Five years later, in 1942, Anabel had her first son, Arthur Jr., Felix Thomas showed up three years later. After another three years, Anabel had Richard Carl. She thought she was done, but in two years, Mary came. She was a Thanksgiving morning answer to her prayer for a girl. It was five years before she gave birth to Sherry Ann. Jeri Lynn showed up less that two years later. In less that two years again, she had Bobbie Jean. All 9 pounds 10 ounces of Tina Marie became the caboose 18 months later.

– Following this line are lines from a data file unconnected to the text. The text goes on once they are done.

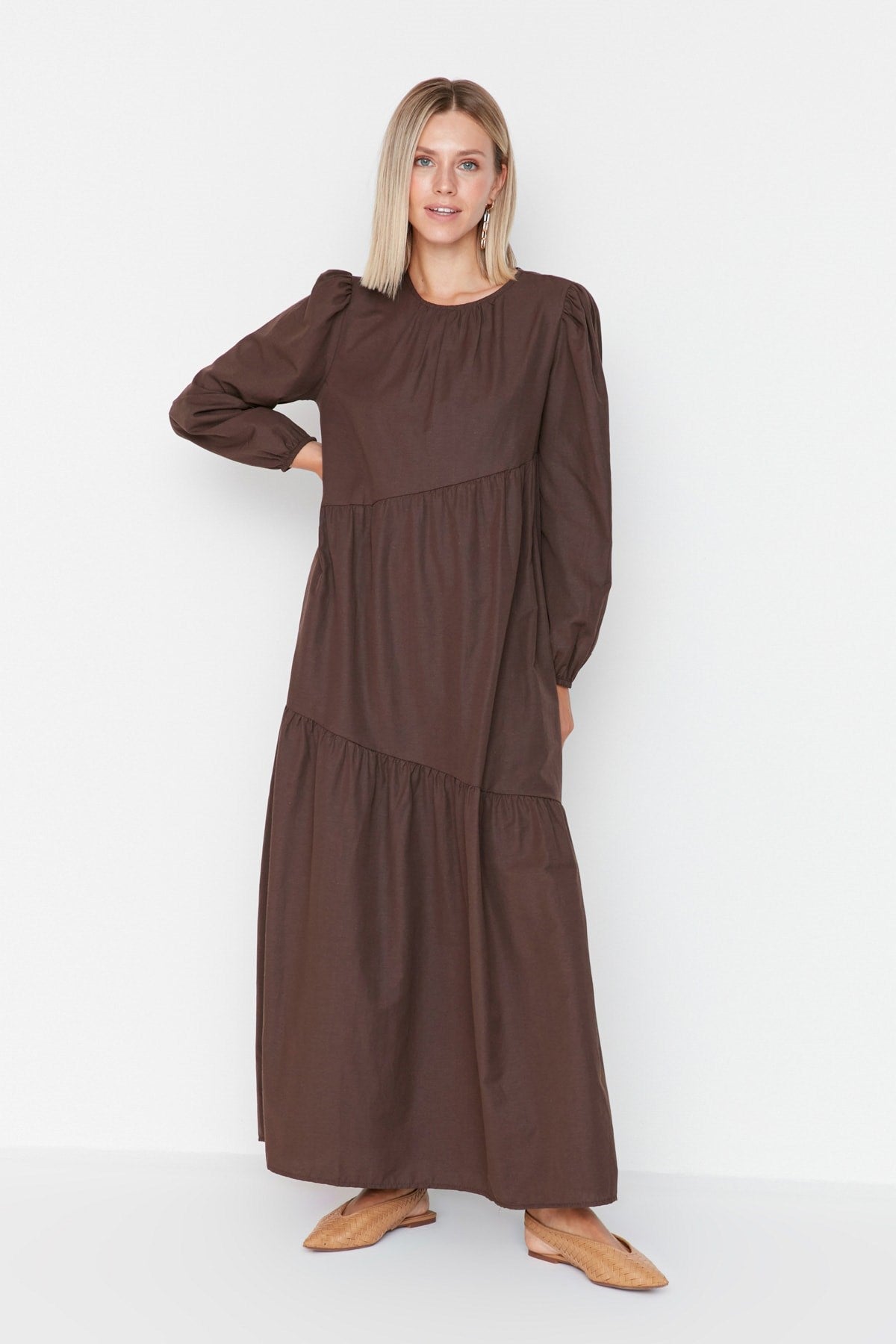 Cinnamon Ruffle Detailed Cotton Wide Pattern Woven Dress Tctss21el3470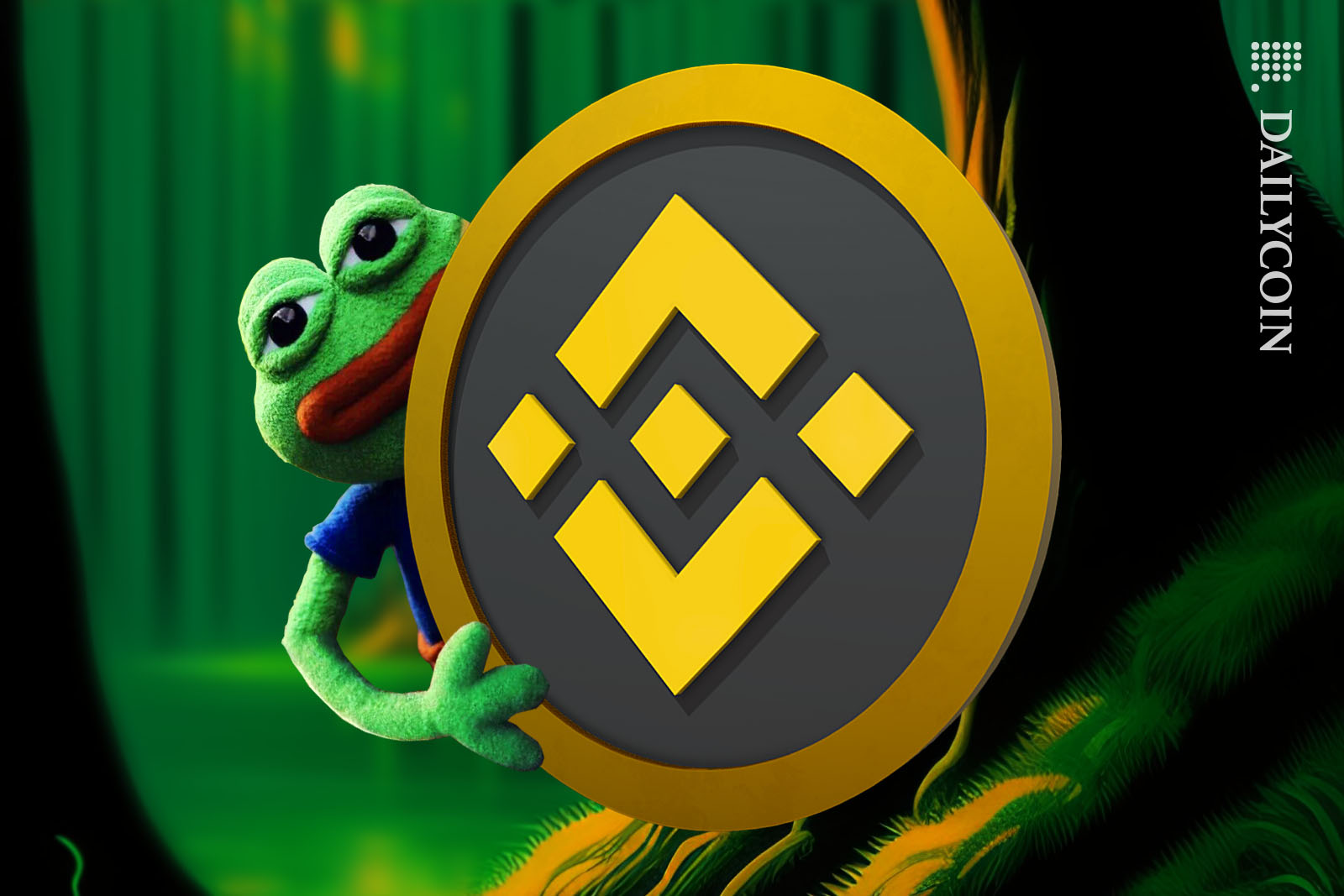 Pepe the frog peeking out from behind a Binance logo in a swamp.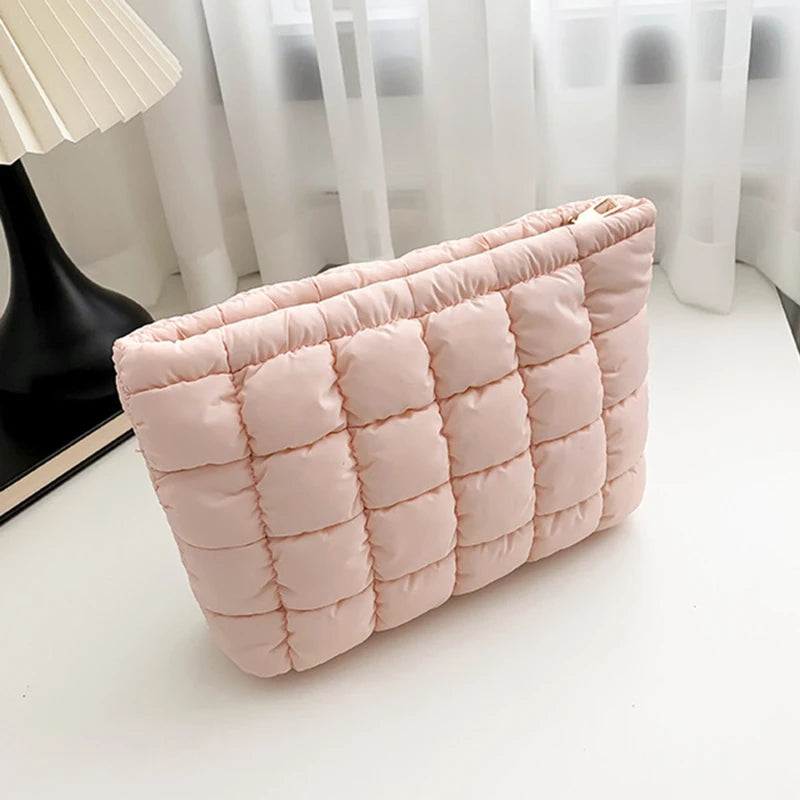 Quilted Puffer Makeup Bag - Large Cosmetic Organizer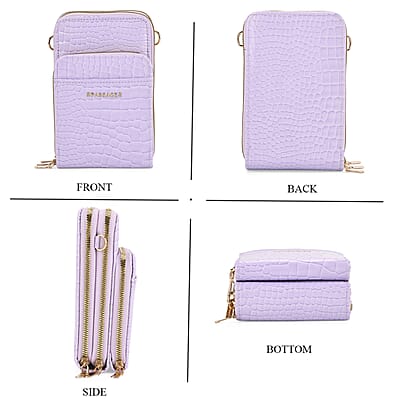 Passage Light Purple Crocodile Embossed Faux Leather Crossbody Bag with Shoulder Strap 47 Inches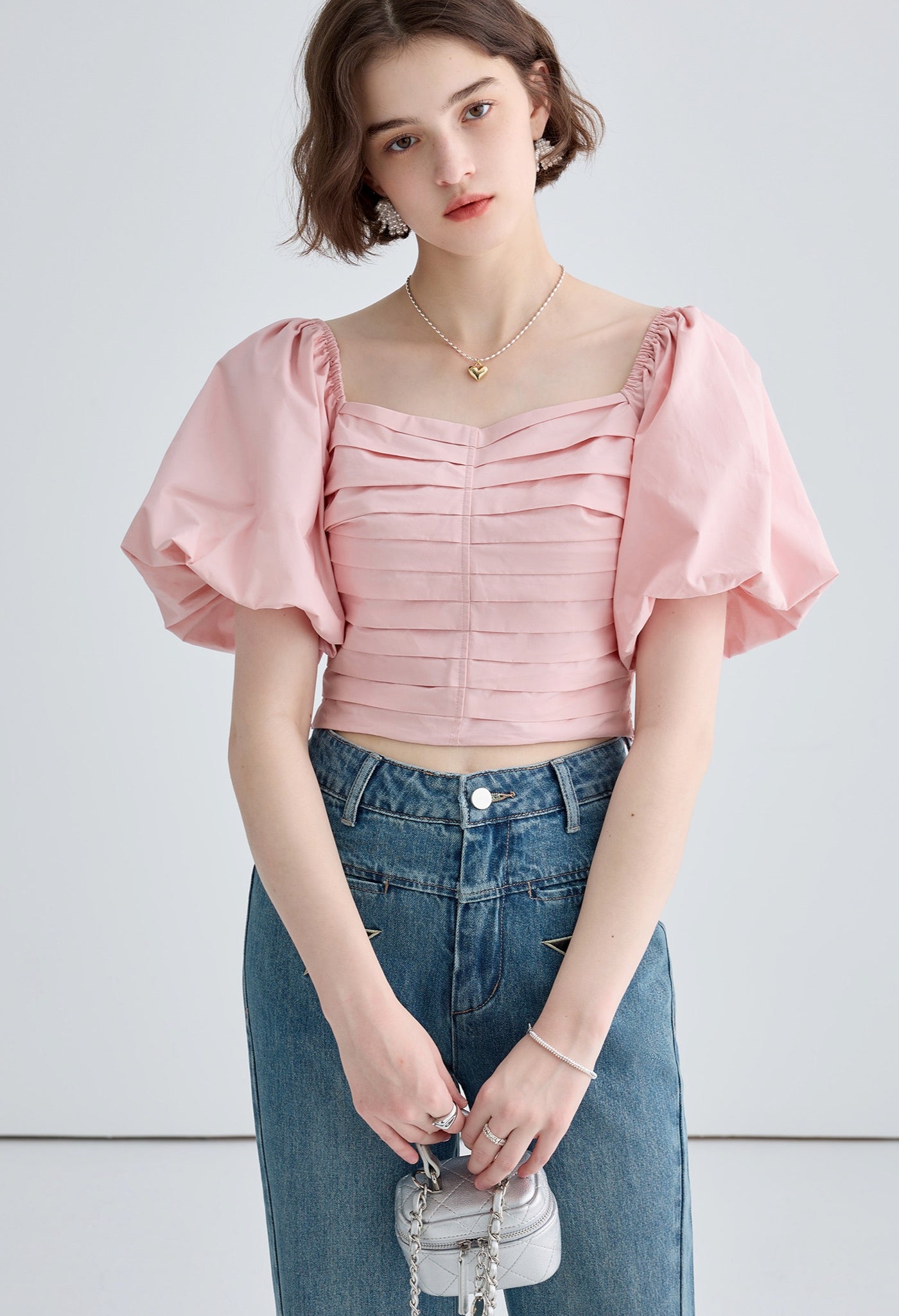 pleats,slim,top,pink,simple,cute,cool,sexy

“She was like a baby elephant. That’s why I named her Tina,” Anabel laughed. “I stayed at home and raised them and ended up at 904 Cherry where I live now. I’ve been here for 66 years now. I have 24 grandchildren. There are 24 great-grandchildren, with one on the way. Two great-great-grandchildren and one on the way. Referring to how most people know the sex of their child before they are born, “I never knew what mine were until they got here. I kept ‘em anyway.”

In 1969 or 1970, Arthur had an inoperable aneurysm, and money got short. Anabel went to work at Orange Memorial for 20 years. She started as a switchboard operator for 10 years. Bob Montagne, one of the Regents at Lamar also worked at the hospital. He asked her to work for him as his secretary. She got her own office, and stayed with him until he passed away of a heart attack. She then retired.

“My mother, Edna DeMary, was a wonderful person. I couldn’t have done it without her,” Anabel said. “She helped at the church, was member of the Altar Society and my children loved her. She stayed with me until she died at 90, God bless her.”

Advice to mothers today? Anabel said she wasn’t a perfect mother. She just enjoyed her children. She suggests that young moms be as close as they can to their children, talk things out and like her mother, be patient and always answer any question a child asks. Each child is different. Treat them all the same but in a different manner according to their own personality and feelings

Anabel said she is fortunate. Her husband ran heavy equipment and taught all his boys how to work hard. They are all good cooks. The girls were taught to be hard workers, too. She carries pictures of her children with her, as well as her “outlaws.” That’s what she calls the in-laws, the grandchildren, great-grandchildren and great-great-grandchildren.

Anabel looks on her eight children as a great blessing, she said. They all get along and respect each other. If one needs something, the others are there to help. When their father died, all eight were there with Anabel when he passed on. She had him for a long time and always loved him dearly. Their children loved them both, Anabel said. If she needs anything, they all pitch in to help, she said. They are family oriented.

I’m not the only mother of eight in the world,” she said, “But I am proud of every one of them. God has been good to me.”

Anabel loves when the whole family shows up, she said. There will be a celebration of her 90th birthday at her home on Aug. 27. All eight children and spouses will be in attendance along with as many grandchildren, great-grandchildren and great-great-grandchildren as possible.